Please transcribe exactly, and only, the lines of the data below between the line holding "live sex cam" and the line holding "Villa conviviale et", inclusive.

-=-=-=-=-

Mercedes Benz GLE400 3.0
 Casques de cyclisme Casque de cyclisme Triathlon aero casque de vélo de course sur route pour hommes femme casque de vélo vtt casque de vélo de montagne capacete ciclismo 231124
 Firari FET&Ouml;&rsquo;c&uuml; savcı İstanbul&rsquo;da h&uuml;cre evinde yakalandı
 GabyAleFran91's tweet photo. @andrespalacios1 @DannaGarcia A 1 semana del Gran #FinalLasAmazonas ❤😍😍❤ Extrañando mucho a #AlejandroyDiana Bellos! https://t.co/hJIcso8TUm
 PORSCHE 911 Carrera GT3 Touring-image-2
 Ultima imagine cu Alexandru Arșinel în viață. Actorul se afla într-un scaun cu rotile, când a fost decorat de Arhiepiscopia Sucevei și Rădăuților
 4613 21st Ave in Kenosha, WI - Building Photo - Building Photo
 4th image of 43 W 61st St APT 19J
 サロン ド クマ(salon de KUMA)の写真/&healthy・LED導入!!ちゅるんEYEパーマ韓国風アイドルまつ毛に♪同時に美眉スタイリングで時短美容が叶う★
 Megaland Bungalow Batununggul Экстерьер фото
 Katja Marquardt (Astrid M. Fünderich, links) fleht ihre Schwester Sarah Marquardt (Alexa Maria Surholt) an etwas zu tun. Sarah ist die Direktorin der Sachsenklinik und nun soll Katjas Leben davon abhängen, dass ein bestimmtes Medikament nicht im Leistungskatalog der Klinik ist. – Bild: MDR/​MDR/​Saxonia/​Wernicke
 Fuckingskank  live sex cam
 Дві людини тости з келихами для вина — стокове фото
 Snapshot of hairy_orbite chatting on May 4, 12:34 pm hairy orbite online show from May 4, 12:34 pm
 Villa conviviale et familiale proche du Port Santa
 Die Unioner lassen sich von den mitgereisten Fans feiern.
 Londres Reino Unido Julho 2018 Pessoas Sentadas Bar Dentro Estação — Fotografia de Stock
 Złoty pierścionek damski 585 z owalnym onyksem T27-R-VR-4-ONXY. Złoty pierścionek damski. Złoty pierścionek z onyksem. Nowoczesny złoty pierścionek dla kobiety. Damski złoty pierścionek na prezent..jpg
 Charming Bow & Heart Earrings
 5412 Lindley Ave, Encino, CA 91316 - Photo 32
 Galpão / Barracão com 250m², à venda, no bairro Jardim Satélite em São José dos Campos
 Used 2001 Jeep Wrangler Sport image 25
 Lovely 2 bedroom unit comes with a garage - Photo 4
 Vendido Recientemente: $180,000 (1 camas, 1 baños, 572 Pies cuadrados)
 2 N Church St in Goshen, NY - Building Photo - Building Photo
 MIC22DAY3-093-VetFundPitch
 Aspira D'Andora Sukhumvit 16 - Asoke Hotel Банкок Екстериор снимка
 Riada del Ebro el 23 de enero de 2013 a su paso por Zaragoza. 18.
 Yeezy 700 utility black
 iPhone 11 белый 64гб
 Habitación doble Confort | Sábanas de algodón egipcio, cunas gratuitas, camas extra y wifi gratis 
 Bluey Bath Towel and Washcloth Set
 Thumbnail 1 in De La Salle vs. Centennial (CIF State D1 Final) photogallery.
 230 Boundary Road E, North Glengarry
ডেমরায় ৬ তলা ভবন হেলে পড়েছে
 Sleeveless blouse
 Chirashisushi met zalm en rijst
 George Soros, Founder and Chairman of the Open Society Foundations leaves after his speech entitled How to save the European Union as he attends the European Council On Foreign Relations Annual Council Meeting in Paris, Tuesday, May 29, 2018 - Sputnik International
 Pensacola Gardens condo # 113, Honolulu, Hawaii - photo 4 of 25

-=-=-=-=-

• **Solution below**:
 Fuckingskank  live sex cam
 Дві людини тости з келихами для вина — стокове фото
 Snapshot of hairy_orbite chatting on May 4, 12:34 pm hairy orbite online show from May 4, 12:34 pm
 Villa conviviale et familiale proche du Port Santa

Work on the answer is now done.